Speed scale-out cluster

Feature availability

Available from: Resilio Active Everywhere v5.0.0
Available for: Windows, Linux, macOS Agents. Full sync shares. NFS/SMB/cloud storage. MC API.
Not available for: NAS, mobile Agents, MC Agent regardless of its OS. Caching gateways, TSS shares. Run Script Jobs.

Understanding scale-out cluster

Scale-out clusters are designed to maximize transfer speed and scalability by distributing workloads across multiple Agents. This architecture is ideal for environments that demand high-performance data movement and fault tolerance. Unlike traditional single-server configurations, a scale-out cluster dynamically assigns roles and optimizes resource utilization to eliminate single points of failure, ensuring seamless operation even if individual nodes go offline.

System requirements and expected performance

Management Console

Ensure that the Management Console meets the general system requirements.

Agents

A scale-out cluster typically includes multiple industry-standard systems (VMs or physical nodes), each running 1–2 Agents depending on available CPU cores. To maximize efficiency, scale up first - run multiple Agents per machine to utilize up to 10–20 Gbps of throughput; then scale out by adding more nodes as needed.

Scale-out deployment requirements:

All Agents must run the same Resilio Agent version.
All hosts running Agents must use the same operating system (you cannot have a mix of Agents running on, for example, Windows and Linux).
All hosts running Agents must use the same hardware architecture (you cannot have a mix of Agents running on x64 and Arm hardware).
Minimum number of Agents: 1
Maximum recommended number of Agents: 50 per scale-out cluster.
Largest verified deployment: 40 per scale-out cluster.

Reference VM recommendations:

Google Cloud: n2-standard-8 for a single Agent
ARM-based: c4a-standard-8
Example cluster : Five VMs (c6gn.2xlarge, 8 vCPU each) with one Agent per VM achieving 40 Gbps upload to S3 within the same cluster.

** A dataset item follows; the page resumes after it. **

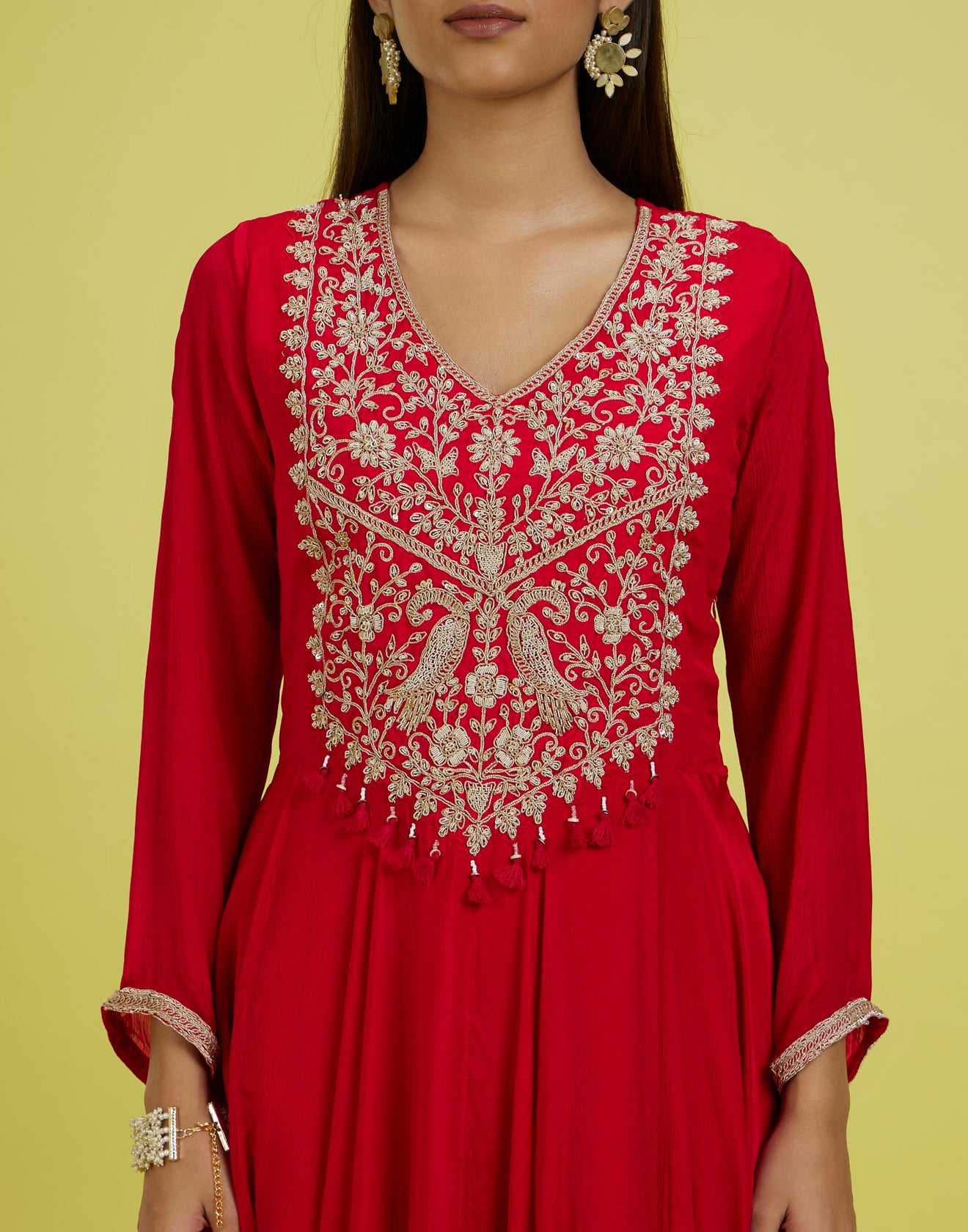 Mastani Laal Zardosi Embroidered Co-Ord Kurta Set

Spot instances can be used for Agents with helper role, as assigned by admin.

Resource requirements:

CPU: 8 cores per Agent on a VM. Total core count depends on the number of Agents per VM.
RAM: 32 GB or more, depending on the number of files. In a scale-out scenario, folder trees are distributed unevenly across Agents: if a branch leader goes offline and a new branch follower is assigned, the previous branch follower retains the folder tree even if it comes back online, continuing to consume RAM. The same applies to instances manually downgraded to the helper role.
Storage: Minimum 1 GB/s read/write speed per Agent, as measured by fio. Average indexing speed is 20k files/sec.
Network: Minimum 10 Gbps per Agent, as measured by iperf between source and destination machines (TCP or UDP). To maximize scale-out performance, TCP multistreaming must be enabled for the Agents
TCP is recommended for stable connections without packet loss, such as between data centers or between a data center and a cloud region. Most cloud providers and enterprise firewalls limit UDP traffic, while TCP connections are usually unrestricted.
ZGT is recommended for:
- High-latency connections (RTT > 200 ms)
- Connections with packet loss
- Unstable network environments

Load balancing scale-out cluster

Scale-out clusters incorporate automatic and configurable load-balancing mechanisms to optimize resource allocation and job execution. The key principles of load balancing include:

Jobs load balancing

Cluster leader assigns branch leader and branch follower roles only to specific amount of Agents based on on their load, number of jobs, last assigned role, file errors. The maximum number of branch followers per branch leader is controlled by parameter scaleout.redundancy_factor, default is 1. Any remaining Agents are assigned the helper role.
Jobs are load balanced in batches per parameter scaleout.leader_job_block_size, default value is 10. Jobs are assigned the Agents to fill in the block, i.e. with up to 10 jobs, next - other Agents in pseudo-random manner, last - by available RAM.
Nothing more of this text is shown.